━━━ Excerpted records
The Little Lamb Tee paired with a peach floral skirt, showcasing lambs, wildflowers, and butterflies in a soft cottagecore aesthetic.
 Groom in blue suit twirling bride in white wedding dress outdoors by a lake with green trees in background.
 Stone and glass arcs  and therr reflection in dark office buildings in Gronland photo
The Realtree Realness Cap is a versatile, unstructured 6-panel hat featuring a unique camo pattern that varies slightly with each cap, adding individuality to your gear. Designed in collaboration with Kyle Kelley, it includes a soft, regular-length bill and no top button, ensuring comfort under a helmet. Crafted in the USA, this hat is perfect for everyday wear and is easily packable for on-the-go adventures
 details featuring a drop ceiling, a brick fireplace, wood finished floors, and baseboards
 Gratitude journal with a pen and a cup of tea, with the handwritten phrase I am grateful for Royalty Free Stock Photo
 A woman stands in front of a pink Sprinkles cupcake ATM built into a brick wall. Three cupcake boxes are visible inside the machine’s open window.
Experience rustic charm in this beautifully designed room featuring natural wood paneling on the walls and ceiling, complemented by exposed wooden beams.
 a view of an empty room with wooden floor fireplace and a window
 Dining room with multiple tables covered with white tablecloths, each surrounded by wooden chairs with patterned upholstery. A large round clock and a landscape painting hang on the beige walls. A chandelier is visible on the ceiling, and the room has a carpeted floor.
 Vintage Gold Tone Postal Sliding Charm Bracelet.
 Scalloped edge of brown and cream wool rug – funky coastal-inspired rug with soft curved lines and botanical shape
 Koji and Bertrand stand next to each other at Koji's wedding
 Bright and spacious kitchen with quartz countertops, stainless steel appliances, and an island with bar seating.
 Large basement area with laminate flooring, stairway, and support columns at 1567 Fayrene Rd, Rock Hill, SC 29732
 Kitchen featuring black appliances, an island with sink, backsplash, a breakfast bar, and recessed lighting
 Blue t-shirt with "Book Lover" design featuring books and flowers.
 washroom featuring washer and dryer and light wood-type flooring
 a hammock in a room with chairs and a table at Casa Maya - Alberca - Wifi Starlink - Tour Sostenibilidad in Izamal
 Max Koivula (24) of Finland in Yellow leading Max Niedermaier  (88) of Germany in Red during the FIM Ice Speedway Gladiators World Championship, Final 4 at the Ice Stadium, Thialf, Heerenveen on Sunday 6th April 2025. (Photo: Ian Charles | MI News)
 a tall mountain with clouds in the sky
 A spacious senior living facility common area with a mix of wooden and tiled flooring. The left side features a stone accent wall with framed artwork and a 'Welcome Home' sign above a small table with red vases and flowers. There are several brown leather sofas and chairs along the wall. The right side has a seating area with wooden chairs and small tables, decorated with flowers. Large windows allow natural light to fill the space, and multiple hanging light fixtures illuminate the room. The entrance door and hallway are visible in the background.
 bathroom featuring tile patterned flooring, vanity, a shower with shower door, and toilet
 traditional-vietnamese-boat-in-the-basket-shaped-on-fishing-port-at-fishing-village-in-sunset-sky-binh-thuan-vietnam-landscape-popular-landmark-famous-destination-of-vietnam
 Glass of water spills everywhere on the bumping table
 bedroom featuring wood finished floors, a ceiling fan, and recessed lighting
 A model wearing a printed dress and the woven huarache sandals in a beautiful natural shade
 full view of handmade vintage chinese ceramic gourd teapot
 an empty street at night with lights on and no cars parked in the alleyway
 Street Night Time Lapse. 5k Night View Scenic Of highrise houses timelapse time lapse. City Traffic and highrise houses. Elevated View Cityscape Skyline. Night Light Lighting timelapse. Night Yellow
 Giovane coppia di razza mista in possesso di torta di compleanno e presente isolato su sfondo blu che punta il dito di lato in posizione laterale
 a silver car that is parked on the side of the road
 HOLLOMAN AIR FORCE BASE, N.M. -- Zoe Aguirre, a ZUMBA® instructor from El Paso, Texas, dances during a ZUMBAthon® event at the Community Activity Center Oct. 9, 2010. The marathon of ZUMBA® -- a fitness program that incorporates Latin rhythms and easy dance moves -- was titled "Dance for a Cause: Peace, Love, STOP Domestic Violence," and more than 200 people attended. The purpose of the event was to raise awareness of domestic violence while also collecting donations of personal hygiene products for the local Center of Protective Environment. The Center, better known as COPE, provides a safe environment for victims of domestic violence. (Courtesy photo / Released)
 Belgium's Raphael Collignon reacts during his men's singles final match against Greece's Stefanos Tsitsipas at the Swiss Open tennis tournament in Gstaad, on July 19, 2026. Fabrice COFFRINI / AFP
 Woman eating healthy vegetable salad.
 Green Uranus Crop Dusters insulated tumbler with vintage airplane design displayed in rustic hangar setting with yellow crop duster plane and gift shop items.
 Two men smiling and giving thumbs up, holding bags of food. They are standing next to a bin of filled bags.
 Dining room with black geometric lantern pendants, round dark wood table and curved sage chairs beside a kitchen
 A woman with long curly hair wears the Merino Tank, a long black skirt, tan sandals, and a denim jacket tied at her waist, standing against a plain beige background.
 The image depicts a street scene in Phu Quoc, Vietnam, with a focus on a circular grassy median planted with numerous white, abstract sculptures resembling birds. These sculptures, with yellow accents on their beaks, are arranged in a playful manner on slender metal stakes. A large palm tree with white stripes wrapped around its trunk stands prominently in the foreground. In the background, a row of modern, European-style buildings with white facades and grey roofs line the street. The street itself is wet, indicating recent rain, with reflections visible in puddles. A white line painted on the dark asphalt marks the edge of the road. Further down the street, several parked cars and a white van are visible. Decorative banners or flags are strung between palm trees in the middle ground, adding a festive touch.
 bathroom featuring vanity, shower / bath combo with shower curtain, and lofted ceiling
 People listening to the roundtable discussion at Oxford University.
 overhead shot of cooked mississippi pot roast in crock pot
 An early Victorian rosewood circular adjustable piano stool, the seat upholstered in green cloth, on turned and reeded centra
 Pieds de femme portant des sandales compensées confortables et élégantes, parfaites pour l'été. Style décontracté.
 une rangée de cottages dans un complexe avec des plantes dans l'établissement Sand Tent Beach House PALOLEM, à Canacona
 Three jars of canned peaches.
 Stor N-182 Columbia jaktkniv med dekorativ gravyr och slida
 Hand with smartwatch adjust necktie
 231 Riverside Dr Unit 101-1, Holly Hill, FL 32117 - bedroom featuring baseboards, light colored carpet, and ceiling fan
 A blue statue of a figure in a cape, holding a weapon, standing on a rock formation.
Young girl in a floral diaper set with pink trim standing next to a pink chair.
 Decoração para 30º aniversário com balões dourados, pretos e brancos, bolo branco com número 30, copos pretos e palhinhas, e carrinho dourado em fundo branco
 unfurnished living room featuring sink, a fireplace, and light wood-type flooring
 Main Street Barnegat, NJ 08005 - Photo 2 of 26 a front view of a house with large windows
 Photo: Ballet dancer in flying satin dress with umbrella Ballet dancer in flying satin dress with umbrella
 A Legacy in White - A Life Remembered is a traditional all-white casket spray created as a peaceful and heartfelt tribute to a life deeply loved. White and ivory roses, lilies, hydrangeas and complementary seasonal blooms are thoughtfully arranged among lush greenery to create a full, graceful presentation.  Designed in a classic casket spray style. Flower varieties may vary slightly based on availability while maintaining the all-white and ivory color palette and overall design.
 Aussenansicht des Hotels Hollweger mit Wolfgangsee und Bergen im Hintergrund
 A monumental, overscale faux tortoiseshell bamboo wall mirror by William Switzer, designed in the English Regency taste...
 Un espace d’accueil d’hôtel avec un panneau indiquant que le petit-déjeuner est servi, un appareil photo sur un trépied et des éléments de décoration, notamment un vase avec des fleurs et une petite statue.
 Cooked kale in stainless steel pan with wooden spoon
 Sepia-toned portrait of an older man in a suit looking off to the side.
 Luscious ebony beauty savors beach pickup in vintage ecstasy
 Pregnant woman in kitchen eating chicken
━━━━━━
• Problem details
Report the number of lines in these entries that hold the word "Three". Add nothing else.

• Result below
2